In Faubourg Lafayette, the development never got off the ground, in part because of the association’s aggressive campaign. The result puts the limitations of the emphasis on neighborhood protection under the spotlight. In Faubourg Lafayette, the association helped to protect historical homes, but the central lot remained vacant. It was only years later that the empty lot became apartments, developed by a faith-based nonprofit focused on affordable housing. The neighborhood remained without a grocery store. In this case, the neighborhood preference for protection came into direct conflict with other priorities, such as economic development and even ‘food justice.’

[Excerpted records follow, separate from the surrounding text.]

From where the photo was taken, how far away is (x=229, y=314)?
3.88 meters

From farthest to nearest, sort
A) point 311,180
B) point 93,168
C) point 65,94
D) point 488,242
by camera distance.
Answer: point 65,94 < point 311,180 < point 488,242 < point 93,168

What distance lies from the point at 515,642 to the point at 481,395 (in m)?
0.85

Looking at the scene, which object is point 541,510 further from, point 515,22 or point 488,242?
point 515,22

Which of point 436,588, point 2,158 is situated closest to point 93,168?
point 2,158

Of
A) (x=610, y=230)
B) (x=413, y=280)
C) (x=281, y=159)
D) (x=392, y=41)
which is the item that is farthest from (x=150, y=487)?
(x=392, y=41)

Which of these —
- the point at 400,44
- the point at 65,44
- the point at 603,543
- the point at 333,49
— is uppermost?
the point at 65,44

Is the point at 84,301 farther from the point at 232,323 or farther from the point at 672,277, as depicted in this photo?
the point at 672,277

The conflict between values plays out not only in big-ticket development, but also in smaller development decisions. The preference to protect neighborhood infrastructure and residential quality of life often conflicts with economic development. Other times, it conflicts with the city’s rich culture of entertainment. Those conflicts are particularly stark in some Nashville neighborhoods where Disneyfication and the constant pressures of tourism intersect with cultural gems such as live performance venues. Short-term rentals are also a key issue for city dwellers. The battle over short-term rentals is, in part, one of residential quality of life.
Louise is a Nashville executive who says she struggles with properties purchased exclusively to put on Airbnb. These properties, often situated in the middle of a residential neighborhood, can have extremely disruptive inhabitants.
“Rather than having a long-term neighbor, residents are beset with a never-ending onslaught of bachelor parties, late-night parties, and drunken visitors that do not think twice before urinating in bushes outside,” said Louise.
Owners of such properties have little incentive to crack down on guests, as it might lead to poor user reviews, meaning neighborhood residents are left to convince guests to be less disruptive.
Short-term rentals bring to light broader justice issues for members of neighborhood associations. Short-term rentals compete with local hotels and facilities that are more highly regulated.
Some local facilities suffer negative economic consequences from an under-regulated short-term rental market that does not meet the same health and safety requirements as hotels. For neighborhoods, perhaps the greatest impact of the proliferation of properties bought specifically as vessels for full-time, short-term rentals is that it takes properties off the long-term rental market causing a spike in rent prices.
“Affordable housing is a critical justice issue,” said Louise. She feels that sometimes the city “prioritizes tourism, and the economic development tied to it, at the expense of a living, vibrant neighborhood.”
“The economic influence of tourism is leading to an influx of investors buying homes for the explicit purpose of renting them out to tourists.” Local neighborhood associations, and their fight to regulate short-term rentals, show that neighborhood associations can play a role as ‘protector of resident interests.’